Googlebot gives the indexer the full text of the pages it finds. These pages are stored in Google’s index database. This index is sorted alphabetically by search term, with each index entry storing a list of documents in which the term appears and the location within the text where it occurs. This data structure allows rapid access to documents that contain user query terms.
Google’s Query Processor
The query processor has several parts, including the user interface (search box), the “engine” that evaluates queries and matches them to relevant documents, and the results formatter.
Page Rank is Google’s system for ranking web pages. A page with a higher PageRank is deemed more important and is more likely to be listed above a page with a lower PageRank.
Google considers over a hundred factors in computing a PageRank and determining which documents are most relevant to a query, including the popularity of the page, the position and size of the search terms within the page, and the proximity of the search terms to one another on the page.
In order to view page ranking, The Google tool bar must be installed – Search for and install the Google toolbar
The first result directly
Click on the I’m Feeling Lucky button on Google’s home page to go directly to the first result for your query. Instead of showing you a list of pages, Google sends you immediately to the result that may be most relevant to your query.

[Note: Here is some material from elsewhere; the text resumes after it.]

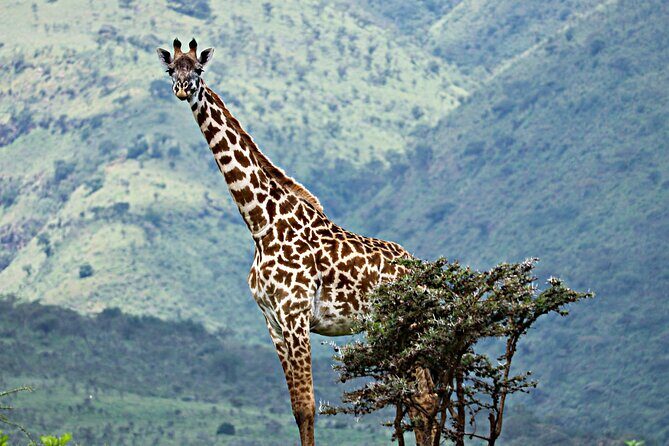 The Best 4 Days Serengeti & Ngorongoro Private Mid-range Safari - What to Pack for These 8-Hour Safari Days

For example, if you enter the query MCSE and click the I’m Feeling Lucky button, Google may send you to the home page of Microsoft Learning.
Note: I’m Feeling Lucky doesn’t consider the various sponsored links on the first results page, which are paid advertisements, when deciding where to take you. In other words, the I’m Feeling Lucky button will send you to what Google considers the most relevant result that is not a paid advertisement.
Search MCSE again and note the sponsored links above the page displayed by I’m feeling lucky result
The search terms you enter and the order in which you enter them affect both the order and pages that appear in your search results. In the examples below, click on the similar ways of specifying various searches and note how the results differ.
When Google detects very common words such as where, do, I, for, and a, known as stop words, it ignores them so Google may return relevant results.
Not sure how to spell something? Don’t worry, try gessing or speling any way you can. In just the first few months on the job, Google engineer Noam Shazeer developed a spelling correction (suggestion) system based on what other users have entered. The system automatically checks whether you are using the most common spelling of each word in your query.
Here’s how to find results similar to another Google search result. Let’s say you’re interested in finding sites similar to that of Consumer Reports. First, search for their site.
The link may be useful for finding more consumer resources, or information on Consumer Reports’ competitors.
When Google finds products relevant to your query, above your search results, you may find up to three links to items that merchants list in Google’s Product Search service.When Google finds products relevant to your query, above your search results, you may find up to three links to items that merchants list in Google’s Product Search service.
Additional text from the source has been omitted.